Spagnolo, 57 anni, Andoni Luis Aduriz è considerato uno degli chef più interessanti e d’avanguardia del panorama internazionale della gastronomia europea e mondiale. Di recente il quotidiano spagnolo “El Pais” ha ospitato un suo articolo sul tema della relazione fra il veganismo, le nuove spinte all’alimentazione etica e il capitalismo.

Nell’articolo lo chef basco ha spiegato la sua posizione partendo da un assunto: negli ultimi anni soprattutto le nuove generazioni si sono rese più attente al tema dell’origine del cibo. Conta non solo dove viene prodotto quello che si mangia ma anche che impatti ha la sua produzione sull’ambiente. Eppure sul mercato, secondo Aduriz, questa crescente consapevolezza dei consumatori si è trasformata solo in una nuova forma di business che non rispecchia in nessun modo l’etica e obiettivi che accompagnano questa nuova domanda. “La cosa sorprendente è che dietro questa dichiarazione carica di buone intenzioni si nasconde un business multimilionario delle buone intenzionicapitalizzato da abili uomini d’affari, imprenditori opportunisti e importanti fondi di venture capital”. Un po’ greenwashing e un po’ la tipica mossa del capitalismo: inglobare la resistenza, tramutandola in offerta.

E qui nasce il ruolo del cibo vegano che nella riflessione di Aduriz è diventato (sul mercato) una pallida imitazione di ciò che vorrebbe combattere: “È deplorevole – scrive lo chef – che invece di sfruttare questa opportunità per promuovere varietà vegetali e preservare il maggior numero possibile di semi di antiche cultivar, la cultura del “no food” (quella vegana, ndr) si stia diffondendo sotto forma di hamburger, nuggets , panini, pizze, caramelle, formaggi, gelati, creme spalmabili e dessert”. Insomma, il cibo industriale vegano, anche a livello ristorativo, avrebbe dovuto porsi in concorrenza esplicita e culturale con il cibo “onnivoro” mostrandone le lacune e le problematiche, senza imitarlo. 
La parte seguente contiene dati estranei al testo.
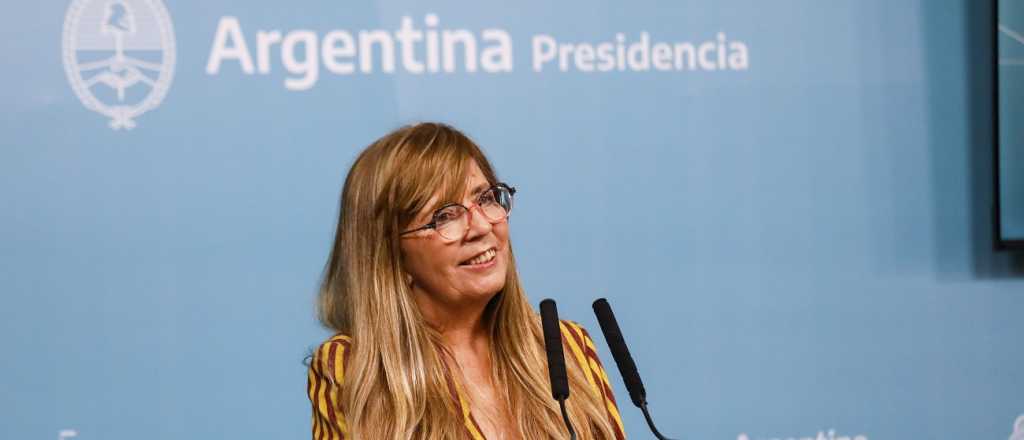 El ir&oacute;nico posteo de Cerutti: "No tosan por favor que se desequilibra"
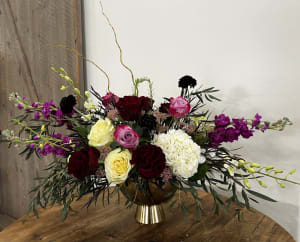 Modern Romance Flower Bouquet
Il ragionamento di Aduriz è lineare: poche realtà “sono veramente impegnate nell’etica che sostengonoAltrimenti, tutte quelle aziende che sviluppano prodotti veggy non li distribuirebbero nei supermercati, nei negozi e sui siti web che, a loro volta, offrono alimenti e materie prime di origine animale, scontrandosi così con le rigide regole promosse dall’etica del buon trattamento degli animali”. Secondo Aduriz bisognerebbe quindi puntare alla nicchia, creando un nuovo mercato e poi nuovi consumatori. Al contrario, la cultura vegana attuale, a suo avviso, sta inseguendo gli stessi acquirenti travestendosi da prodotto per tutti.

La cultura vegana si sarebbe quindi piegata al capitalismo lasciando indietro lo scopo con il quale era nata: mostrare un’alternativa alimentare, sociale, economica e politica ad un modello che sfrutta e distrugge non solo gli animali ma anche l’ambiente, l’attenzione al metodo produttivo, appiattendo il tutto con lo scopo di inseguire i consumi, facilitarli, renderli meno “faticosi” e più “mainstream”.

La conclusione dello chef è piuttosto dura: “Ancora una volta, la battaglia per un mondo diverso e più giusto viene persa dalla cultura, a favore dell’avidità degli interessi economici, attraverso la via della convenienza”.